Der BVB will mit dem Benefizspiel gegen Kiew ein Zeichen setzen.

Borussia Dortmund will mit dem Benefizspiel gegen den ukrainischen Vorzeigeklub Dynamo Kiew am Dienstag (18.00 Uhr/ZDF) vor allem ein Zeichen setzen. "Weil wir alle mitfühlen und weil wir alle schwer schockiert sind", sagte Trainer Marco Rose über den russischen Angriffskrieg: "Es ist eine humanitäre und menschliche Katastrophe. Wir wollen Signale aussenden, mehr können wir leider nicht tun."

Der Erlös des Spiels soll laut Geschäftsführer Carsten Cramer einer Organisation zugute kommen, die Ukrainern in Not hilft. "Ob BVB-Fan oder nicht – alle sind aufgerufen, Karten für das Benefizspiel gegen Dynamo Kiew zu kaufen, um gemeinsam ein weltweit beachtetes, solidarisches Zeichen gegen den Krieg und für den Frieden in Europa zu setzen", schrieb der Verein auf seiner Internetseite.

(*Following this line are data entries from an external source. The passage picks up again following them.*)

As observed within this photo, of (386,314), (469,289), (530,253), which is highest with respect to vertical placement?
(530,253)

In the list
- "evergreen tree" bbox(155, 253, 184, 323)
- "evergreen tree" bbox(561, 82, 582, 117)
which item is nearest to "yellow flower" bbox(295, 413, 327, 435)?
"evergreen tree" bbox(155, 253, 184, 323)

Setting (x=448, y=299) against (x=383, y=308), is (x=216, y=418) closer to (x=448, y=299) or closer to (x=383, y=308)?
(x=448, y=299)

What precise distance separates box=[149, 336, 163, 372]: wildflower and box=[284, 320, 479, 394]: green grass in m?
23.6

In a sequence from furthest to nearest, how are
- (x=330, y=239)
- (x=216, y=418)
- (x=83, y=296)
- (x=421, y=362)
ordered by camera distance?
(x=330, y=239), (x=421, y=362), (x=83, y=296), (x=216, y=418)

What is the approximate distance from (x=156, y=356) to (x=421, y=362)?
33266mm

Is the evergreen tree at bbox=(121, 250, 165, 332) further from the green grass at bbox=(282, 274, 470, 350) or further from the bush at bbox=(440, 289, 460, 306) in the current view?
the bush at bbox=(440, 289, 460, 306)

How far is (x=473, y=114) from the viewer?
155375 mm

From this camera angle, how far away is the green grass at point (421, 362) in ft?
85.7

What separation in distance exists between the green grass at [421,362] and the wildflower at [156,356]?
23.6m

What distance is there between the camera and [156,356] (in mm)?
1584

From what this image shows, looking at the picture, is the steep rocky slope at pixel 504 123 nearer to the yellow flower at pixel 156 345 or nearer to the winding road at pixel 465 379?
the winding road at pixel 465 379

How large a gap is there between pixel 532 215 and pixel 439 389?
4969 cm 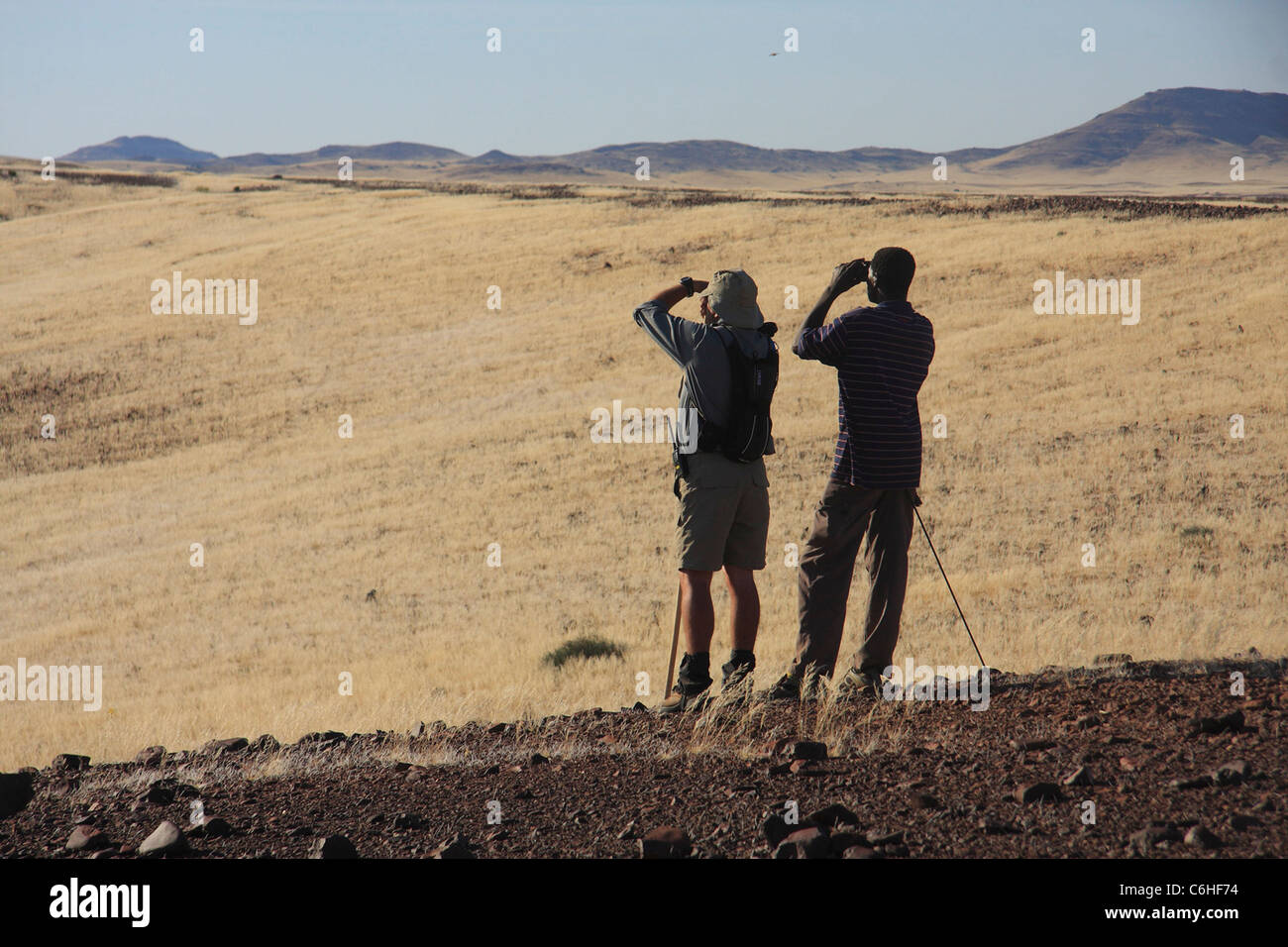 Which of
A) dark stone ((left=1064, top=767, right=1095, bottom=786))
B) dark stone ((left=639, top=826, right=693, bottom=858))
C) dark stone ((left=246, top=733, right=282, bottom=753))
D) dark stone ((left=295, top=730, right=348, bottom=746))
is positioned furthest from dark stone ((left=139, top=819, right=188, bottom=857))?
dark stone ((left=1064, top=767, right=1095, bottom=786))

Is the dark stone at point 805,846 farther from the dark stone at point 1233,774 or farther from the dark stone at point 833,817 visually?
the dark stone at point 1233,774

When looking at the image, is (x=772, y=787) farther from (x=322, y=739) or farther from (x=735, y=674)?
(x=322, y=739)

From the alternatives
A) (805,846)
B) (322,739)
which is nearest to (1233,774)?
(805,846)

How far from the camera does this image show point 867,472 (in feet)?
17.8

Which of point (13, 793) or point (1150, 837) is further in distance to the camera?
point (13, 793)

Ukrainerinnen und Ukrainer können online Freikarten für das Spiel buchen. Am Montag waren laut BVB etwa 25.000 Tickets verkauft, zudem werden Solidaritätsarmbänder angeboten.

Alan Aussi (20), von Kiew zuletzt innerhalb der Ukraine verliehen, hält sich derzeit als Gastspieler bei der Dortmunder U23 fit. Er wird für die Borussia zum Einsatz kommen. "Ich bin jetzt seit zwei Monaten hier, wurde herzlich aufgenommen und bin sehr dankbar", sagte Aussi am Montag: "Es ist toll, dass der BVB hilft."

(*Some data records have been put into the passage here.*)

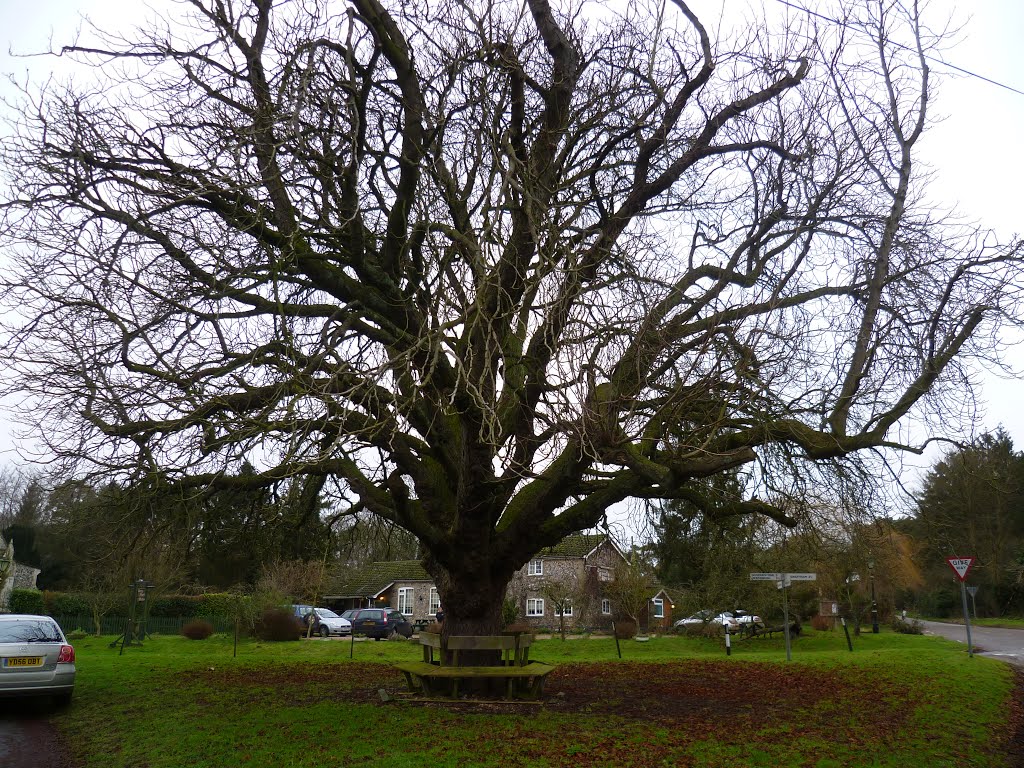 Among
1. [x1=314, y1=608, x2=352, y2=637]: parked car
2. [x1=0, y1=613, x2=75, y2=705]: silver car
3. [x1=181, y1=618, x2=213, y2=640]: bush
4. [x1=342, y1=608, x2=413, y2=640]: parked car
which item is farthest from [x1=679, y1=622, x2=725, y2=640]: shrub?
[x1=0, y1=613, x2=75, y2=705]: silver car

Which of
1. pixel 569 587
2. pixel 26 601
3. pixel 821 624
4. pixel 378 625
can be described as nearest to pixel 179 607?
pixel 26 601

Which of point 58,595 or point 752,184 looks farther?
point 58,595

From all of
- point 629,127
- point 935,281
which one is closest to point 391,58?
point 629,127

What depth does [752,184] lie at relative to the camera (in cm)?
1105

Die Konzentration auf den Fußball fällt Aussi zwar schwer. "Aber ich bin ein Profispieler. Wir helfen ja damit der Ukraine und meinen Landsleuten", sagte er. "Zwei meiner besten Freunde sind an der Frontlinie, ich versuche jeden Tag, herauszufinden, ob sie am Leben sind. Jeder Tag kann der letzte sein", sagte er: "Und ich bin hier und spiele Fußball."